Причина, мне кажется, как раз сегодня, в новых условиях, очевидна. Вот она, причина:

«…Был человек в земле Уц, имя его Иов; и был человек этот непорочен, справедлив и богобоязнен и удалялся от зла»[251].

Этот текст существует уже много лет и не дает покоя писателям и философам, священникам и раввинам, текст, в который заложена попытка осмыслить великое противоречие мира: «Почему страдают праведные и благоденствуют грешники?» Именно к великой и глубокой Книге Иова восходят и «Процесс» Кафки, и «За миллиард лет до конца света» Стругацких, и «Слепящая тьма» Артура Кестлера, и даже «1984» Джорджа Оруэлла, словом – множество произведений, написанных со времен, когда обрушились непонятные несчастья на богобоязненного Иова, когда он и его друзья попытались проникнуть в причины действий Всевышнего.

«За миллиард лет…» – может быть, единственное у А. и Б. Стругацких произведение, в котором с героями (читай: с авторами) напрямую вступают в диалог не «компетентные органы» и не придуманное вдруг, без всяких аргументов «Гомеостатическое Мироздание» (этим наукообразным термином можно назвать всё, что угодно, да и в повести оно выглядит удобной и очень простой гипотезой, за которую все, включая авторов, ухватываются с радостью и облегчением.) Нет, с ними вступает в диалог всемогущая, грозная, но и непознаваемая сила, которую принято называть Бог[252]. А потому – нет объяснения его действиям, ибо Бог, в отличие от созданного Им мира, принципиально непознаваем.
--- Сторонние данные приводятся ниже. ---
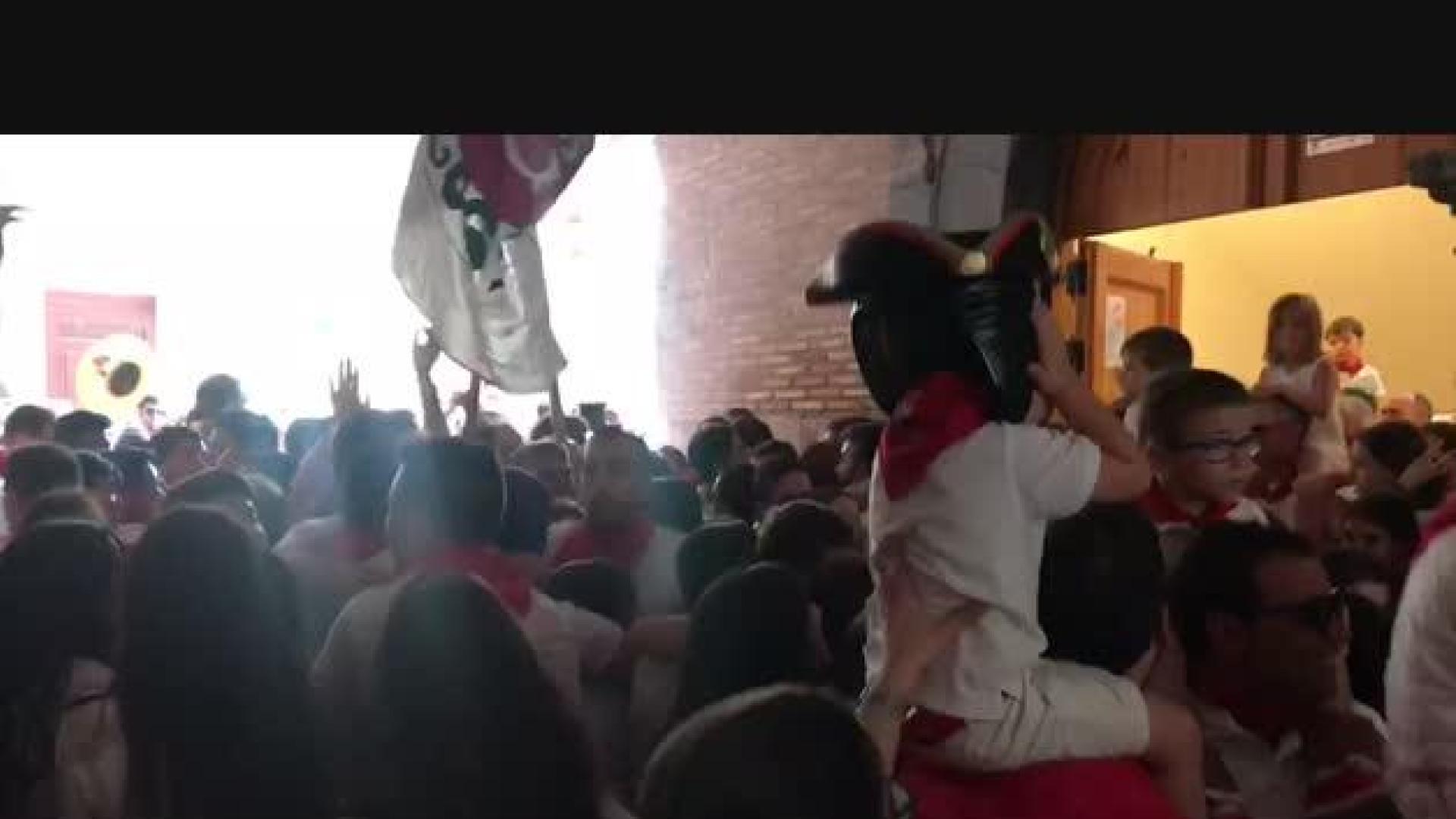 Tradicional acto del 'Bolo' en fiestas de Fitero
И почему Он начал вдруг преследовать Малянова и Ко? И вообще – преследования ли это? Или, как с Иовом, испытания? Ведь если Бог, подобно придуманному Вечеровским

Гомеостатическому Мирозданию и по той же самой причине, не дает героям работать из опасения, что они слишком далеко уведут человечество, – это означает, что Бог вновь принижается (как до того – Мироздание) до человеческого уровня, делается познаваемым, мало того, познаваемым легко, до банальности, упрощенно.

И беды Иова, и беды его литературных реинкарнаций – Малянова, Вечеровского, Вайнгартена и прочих – в обычных терминах необъяснимы. Это ведь только сами «маленькие Иовы» решили, что причина бед кроется в их научной работе. Но кто сказал, что они не льстят самим себе, переоценивая важность своих исследований? С их точки зрения – они не давали «высшей силе», Госпоже Природе или Всевышнему, другого повода для преследования. Но – это ведь с их собственной точки зрения. Йозеф К. в романе Франца Кафки тоже был уверен, что никакой вины, требующей судебного преследования, за ним нет. И Николай Рубашов в «Слепящей тьме» воспринимает свои несчастья как неоправданные, но, в общем, неизбежные.